This question appeared on HackWithInfy 2022
Problem Statement
You are given an array of length N containing a permutation of the first N natural numbers i.e (1 to N). You are able to apply the following operation at most once.
- Choose any subarray of size K and reverse it.
Return the minimum inversions in the array after said operations.
Note — Inversion in an array is defined as a pair of indices (i,j) such that Ai > Aj and i < j.
Constraints
1 <= N <= 5 * 10^3
1 <= A[i] <= N
1 <= K <= N
Sample Test Case — 1
Arr = [1, 2, 3, 4], K = 2
Ans — 0
Explanation
Array initially has 0 inversions. Hence no need to apply any operations.
Sample Test Case — 2
Arr = [4, 3, 5, 1, 2], K = 2
Ans — 6
Explanation
If we reverse the subarray [4, 3], we get Arr = [3, 4, 5, 1, 2].
The resultant inversion is 6. It is the minimum that we can get.
Sample Test Case — 3
Arr = [1, 4, 2, 3, 5], K = 3
Ans — 1
Explanation
If we reverse the subarray [4, 2, 3], we get Arr = [1, 3, 2, 4, 5].
The resultant inversion is 1. It is the minimum that we can get.
Can anyone solve this problem ???
Firstly note that the only change in the number of inversions is the change in the number of inversions in the subarray that was reversed (since the relative order of other kinds of pairs of elements remains the same). Now using a sliding window and a Fenwick tree, you can find the number of inversions in each subarray of length $$$k$$$ (for both the original array and the reversed array). From there, you can see which subarray is optimal (or if it is optimal to not reverse any subarray).
Thanks a lot for your approach. But I do not know Fenwick trees. Do you have any other approaches in mind ??
You can use pbds to compute the position of an element in a set and find the kth element in a set.
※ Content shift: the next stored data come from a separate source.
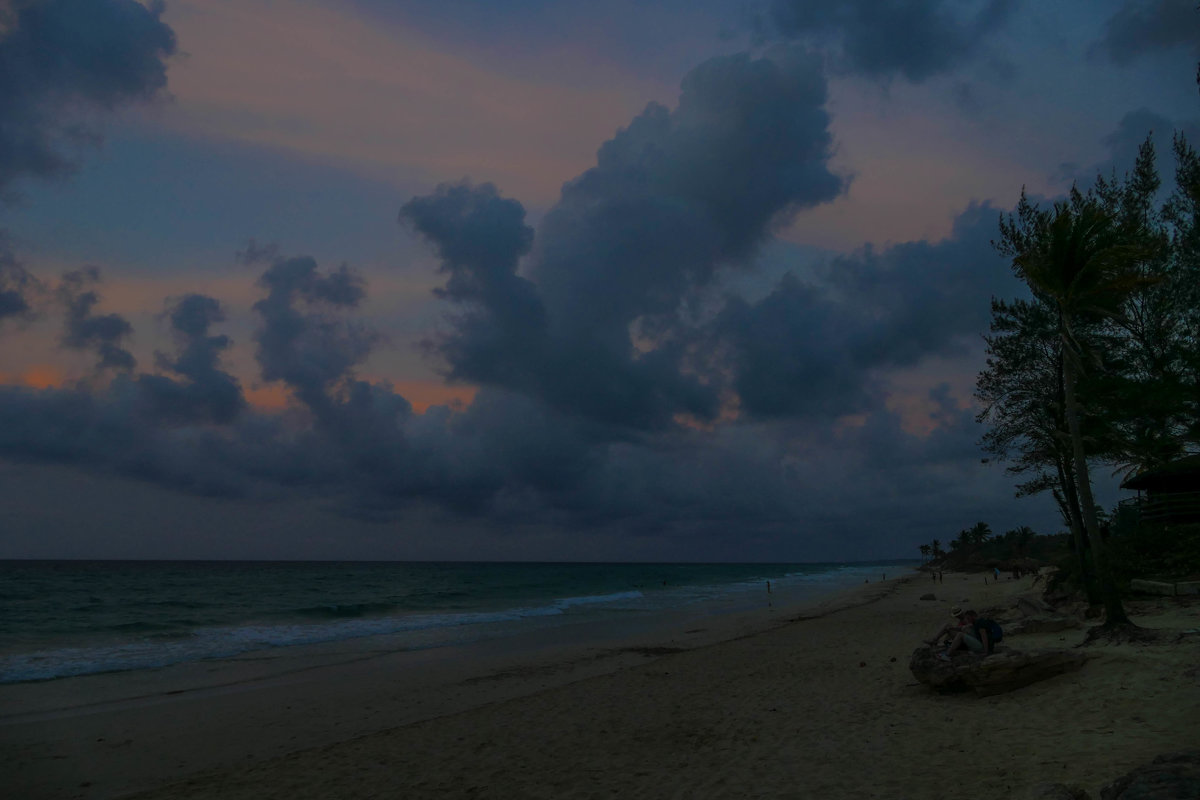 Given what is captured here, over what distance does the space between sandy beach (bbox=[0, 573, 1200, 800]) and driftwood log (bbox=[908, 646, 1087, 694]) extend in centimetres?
21

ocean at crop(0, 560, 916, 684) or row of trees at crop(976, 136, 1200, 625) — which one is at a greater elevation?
row of trees at crop(976, 136, 1200, 625)

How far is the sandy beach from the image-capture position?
7.87 metres

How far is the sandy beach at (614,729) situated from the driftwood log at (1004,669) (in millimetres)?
209

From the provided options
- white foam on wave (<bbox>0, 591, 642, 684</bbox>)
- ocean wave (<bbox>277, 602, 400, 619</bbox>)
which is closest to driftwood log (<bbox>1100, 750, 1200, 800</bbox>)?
white foam on wave (<bbox>0, 591, 642, 684</bbox>)

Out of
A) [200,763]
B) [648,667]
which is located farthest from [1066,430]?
[200,763]

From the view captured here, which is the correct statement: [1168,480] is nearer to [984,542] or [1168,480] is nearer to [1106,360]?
[1106,360]

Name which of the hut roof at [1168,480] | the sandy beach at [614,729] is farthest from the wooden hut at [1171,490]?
the sandy beach at [614,729]

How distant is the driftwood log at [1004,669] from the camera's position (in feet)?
34.3

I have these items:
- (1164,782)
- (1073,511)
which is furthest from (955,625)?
(1073,511)

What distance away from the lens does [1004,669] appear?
34.3ft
will brute force work?. Generate every subarray of size k using a sliding window. Then apply inversions of an array questions method . I think generating subarray will take O(n) time using sliding window and find an inversion of array O(N log N) which can be passed in 1sec. Try it
With brute force, you can solve it in $$$O(nk)$$$ too. Just look at what the removal of the leftmost element and the addition of the rightmost element contributes to the change in the number of inversions (this can be done in $$$O(k)$$$ per iteration). Your idea will take $$$O(n^2 \log n)$$$ which should ideally not pass.